Exercise instructions: Each line from the one holding "高考地理必背知识点完美整理版_第2页" to the last line below must be restated word for word, and no picture may be included.

Raw data:
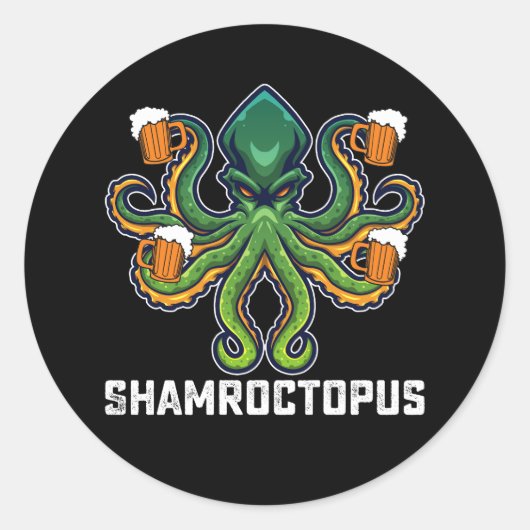 Shamroctopus Octopus Lover St Patrick's Day Ronde Sticker (Voorkant)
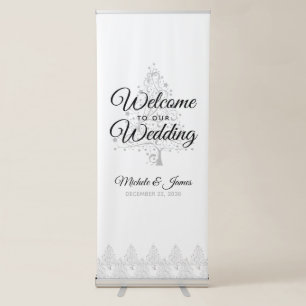 Elegant Silver Trees Winter Wedding Welcome Retractable Banner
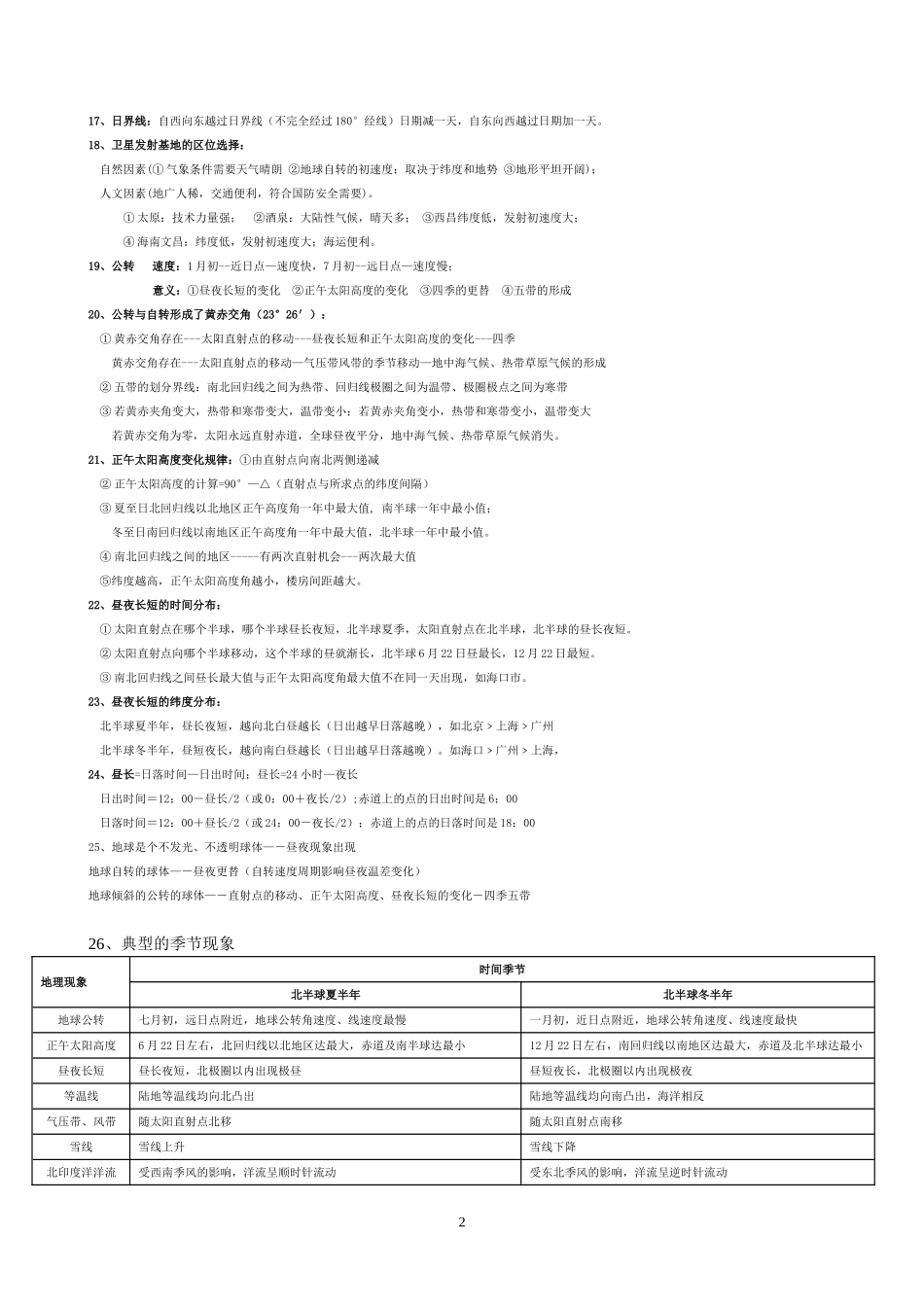 高考地理必背知识点完美整理版_第2页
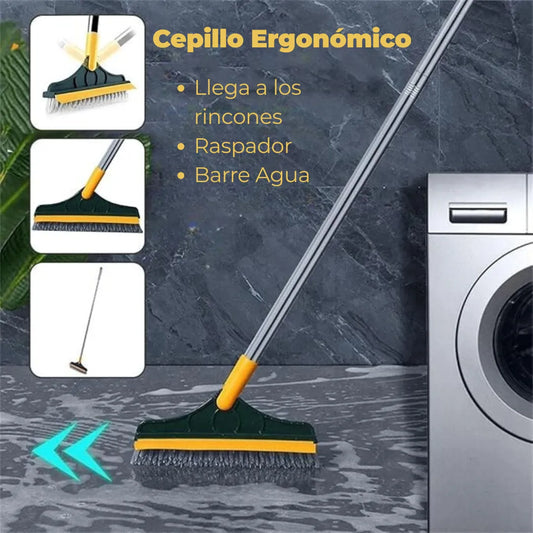 Cepillo Ergonómico con Raspador y Giro 120°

Task output:
 高考地理必背知识点完美整理版_第2页
 Cepillo Ergonómico con Raspador y Giro 120°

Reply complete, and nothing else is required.